▸ **Requirement**:
For each record below, give an exact transcription.

*** Opening of Study material ***

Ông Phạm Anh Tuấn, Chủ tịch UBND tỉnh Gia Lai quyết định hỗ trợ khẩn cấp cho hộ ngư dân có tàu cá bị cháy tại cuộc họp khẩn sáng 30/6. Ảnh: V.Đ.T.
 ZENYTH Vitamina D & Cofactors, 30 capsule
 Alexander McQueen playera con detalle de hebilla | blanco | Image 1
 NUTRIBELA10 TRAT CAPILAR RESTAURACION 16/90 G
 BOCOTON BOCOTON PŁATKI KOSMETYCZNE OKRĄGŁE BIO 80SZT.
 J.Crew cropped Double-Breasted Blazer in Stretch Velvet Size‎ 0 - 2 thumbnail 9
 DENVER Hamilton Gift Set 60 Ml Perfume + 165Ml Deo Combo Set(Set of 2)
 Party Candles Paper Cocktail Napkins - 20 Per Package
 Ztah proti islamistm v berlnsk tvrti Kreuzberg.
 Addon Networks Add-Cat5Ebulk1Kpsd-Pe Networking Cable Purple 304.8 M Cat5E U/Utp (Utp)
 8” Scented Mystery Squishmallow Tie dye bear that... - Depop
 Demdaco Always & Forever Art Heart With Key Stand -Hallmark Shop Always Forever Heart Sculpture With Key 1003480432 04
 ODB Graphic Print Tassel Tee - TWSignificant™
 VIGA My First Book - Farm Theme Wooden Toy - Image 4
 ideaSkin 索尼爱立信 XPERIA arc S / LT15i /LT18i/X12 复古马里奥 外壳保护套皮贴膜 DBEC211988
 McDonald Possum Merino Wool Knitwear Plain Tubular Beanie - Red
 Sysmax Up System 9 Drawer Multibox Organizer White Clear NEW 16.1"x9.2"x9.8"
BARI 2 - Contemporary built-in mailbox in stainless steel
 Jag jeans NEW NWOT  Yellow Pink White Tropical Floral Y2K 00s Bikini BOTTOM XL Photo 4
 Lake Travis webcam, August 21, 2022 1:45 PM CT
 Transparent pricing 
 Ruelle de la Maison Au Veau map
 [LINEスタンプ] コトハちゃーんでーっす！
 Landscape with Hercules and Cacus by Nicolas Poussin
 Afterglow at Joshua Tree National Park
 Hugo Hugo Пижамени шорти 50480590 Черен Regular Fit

*** Close of Study material ***

▸ **Solution to the problem**:
Ông Phạm Anh Tuấn, Chủ tịch UBND tỉnh Gia Lai quyết định hỗ trợ khẩn cấp cho hộ ngư dân có tàu cá bị cháy tại cuộc họp khẩn sáng 30/6. Ảnh: V.Đ.T.
 ZENYTH Vitamina D & Cofactors, 30 capsule
 Alexander McQueen playera con detalle de hebilla | blanco | Image 1
 NUTRIBELA10 TRAT CAPILAR RESTAURACION 16/90 G
 BOCOTON BOCOTON PŁATKI KOSMETYCZNE OKRĄGŁE BIO 80SZT.
 J.Crew cropped Double-Breasted Blazer in Stretch Velvet Size‎ 0 - 2 thumbnail 9
 DENVER Hamilton Gift Set 60 Ml Perfume + 165Ml Deo Combo Set(Set of 2)
 Party Candles Paper Cocktail Napkins - 20 Per Package
 Ztah proti islamistm v berlnsk tvrti Kreuzberg.
 Addon Networks Add-Cat5Ebulk1Kpsd-Pe Networking Cable Purple 304.8 M Cat5E U/Utp (Utp)
 8” Scented Mystery Squishmallow Tie dye bear that... - Depop
 Demdaco Always & Forever Art Heart With Key Stand -Hallmark Shop Always Forever Heart Sculpture With Key 1003480432 04
 ODB Graphic Print Tassel Tee - TWSignificant™
 VIGA My First Book - Farm Theme Wooden Toy - Image 4
 ideaSkin 索尼爱立信 XPERIA arc S / LT15i /LT18i/X12 复古马里奥 外壳保护套皮贴膜 DBEC211988
 McDonald Possum Merino Wool Knitwear Plain Tubular Beanie - Red
 Sysmax Up System 9 Drawer Multibox Organizer White Clear NEW 16.1"x9.2"x9.8"
BARI 2 - Contemporary built-in mailbox in stainless steel
 Jag jeans NEW NWOT  Yellow Pink White Tropical Floral Y2K 00s Bikini BOTTOM XL Photo 4
 Lake Travis webcam, August 21, 2022 1:45 PM CT
 Transparent pricing 
 Ruelle de la Maison Au Veau map
 [LINEスタンプ] コトハちゃーんでーっす！
 Landscape with Hercules and Cacus by Nicolas Poussin
 Afterglow at Joshua Tree National Park
 Hugo Hugo Пижамени шорти 50480590 Черен Regular Fit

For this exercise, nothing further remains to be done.